The big three takeaways at Sync are, one, obviously, we can help reduce your Cloud costs very significantly. Two, we can also improve the efficiency of your data engineers. Now they don't have to spend time manually tuning memory interconnect instances on Amazon, product pricing, et cetera. They can just focus on the business logic. And three, we can help reduce risk for mission critical workloads. If you have a job that has to complete within 10 minutes-- otherwise, your customers are all going to be upset-- we can help you achieve that as well. Some user results and productions-- we've helped a variety of companies from some of the largest global streaming companies. If you've watched a movie this weekend, you probably used us. From large auto manufacturing companies. And you can see that the savings vary.
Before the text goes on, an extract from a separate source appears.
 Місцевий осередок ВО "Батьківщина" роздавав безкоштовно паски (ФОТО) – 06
It depends on the workload itself.
So we go in and do a workload by workload based optimization. And you can see, we can help folks become cheaper, or faster, whatever their business goals are. Under the hood, what's going on is, let's say you run these production jobs. They might run daily, hourly, every minute. What happens is, you run your job on the left here. And once it's done, it outputs a log of what happened in the compute side. We then get that log. We update our model. We then select a prediction based on what your goals are. We then return to you a new configuration such that the next time you run the job, you can achieve the goals that you're trying to achieve.
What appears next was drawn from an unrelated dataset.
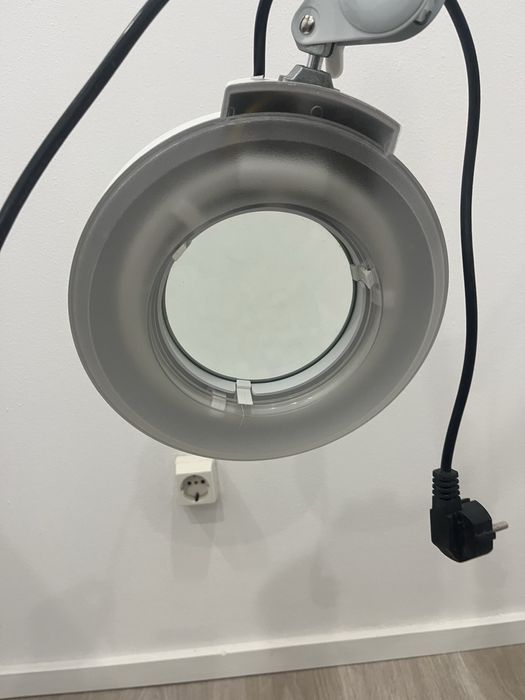 Lupa com lampada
So what exactly is optimized? What do we actually do? So like I mentioned earlier, we optimize the infrastructure. So we don't actually touch user code. Code is-- it is what it is. We black box it, and we try to bend the Cloud Infrastructure around it to make it the most optimal possible. So for example, there's application tuning. There's Cloud hardware, Cloud economics, scheduling. And so all of these things are changing all the time, not to mention the code itself is changing, or the data size, or data skew itself is all changing. And so you need this continuous optimization to make sure that all of your business goals are achieved.
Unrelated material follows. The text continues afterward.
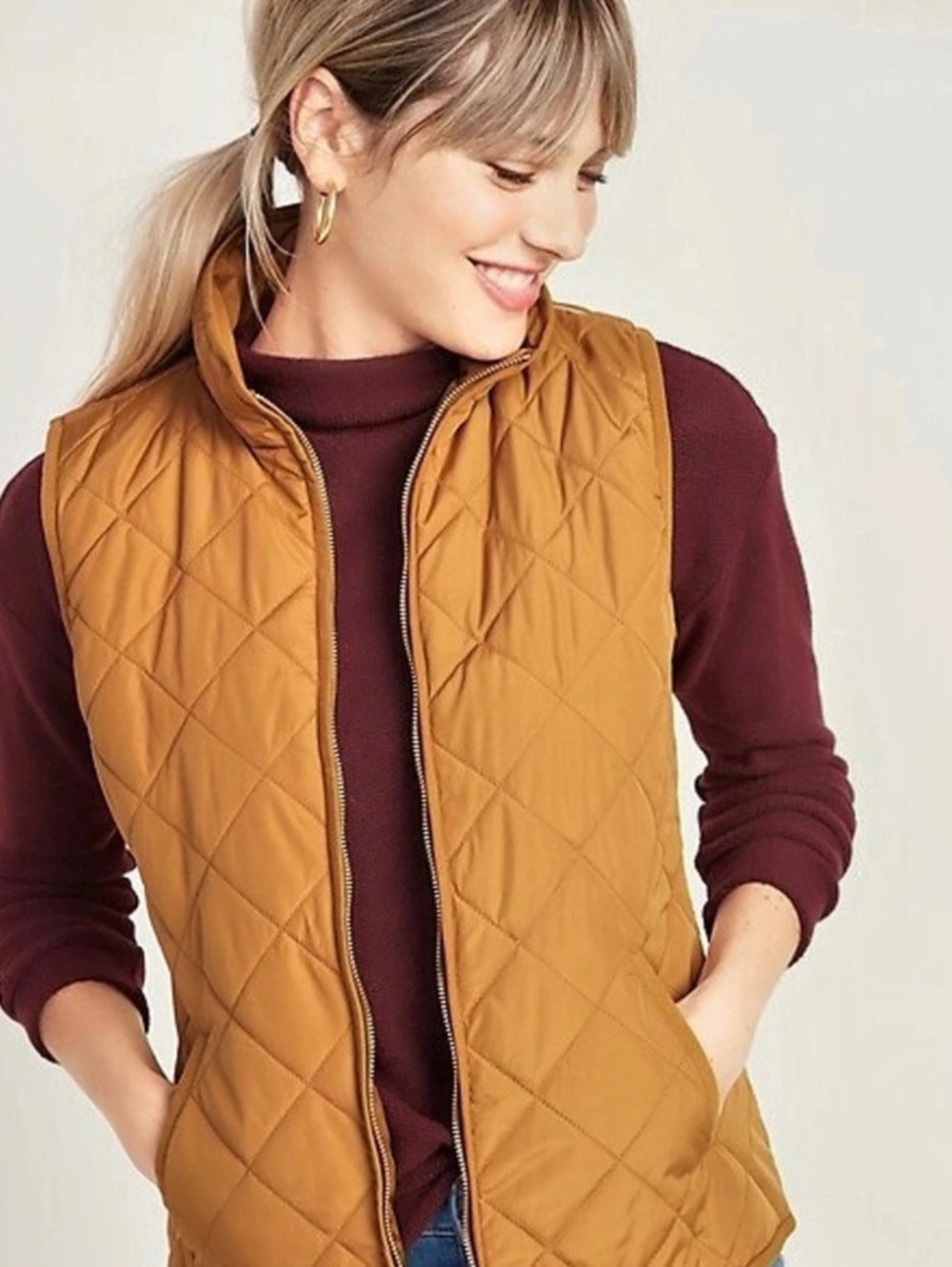Old Navy Quilted Mock-Neck Vest Brown Medium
So about the team. It's myself and my co-founder, Saraj. We're out of MIT and MIT Lincoln Lab. We also have some veterans from the Cloud Infrastructure world, and we have staff and advisors from some of these great companies that you all recognize. In terms of the partnership ask, we've had a lot of success with companies that run large data sets on the Cloud today. So if you're running on Amazon today or using Databricks to fuel all of your infrastructure, you're a great target for us to help out today. And your big problem is, usually, for the most part, it's cost. Your Databricks bill or your [INAUDIBLE] bill is just crazy, and you're trying to reduce it. Especially in today's economy, it's really important and a top line issue for folks.
So right now, we are doing POC efforts to do an initial demo, and then we'd love to roll you all into a more integrated solution. So if this sounds interesting, please feel free to stop by the booth. It'd be great to talk to you all. Thanks so much.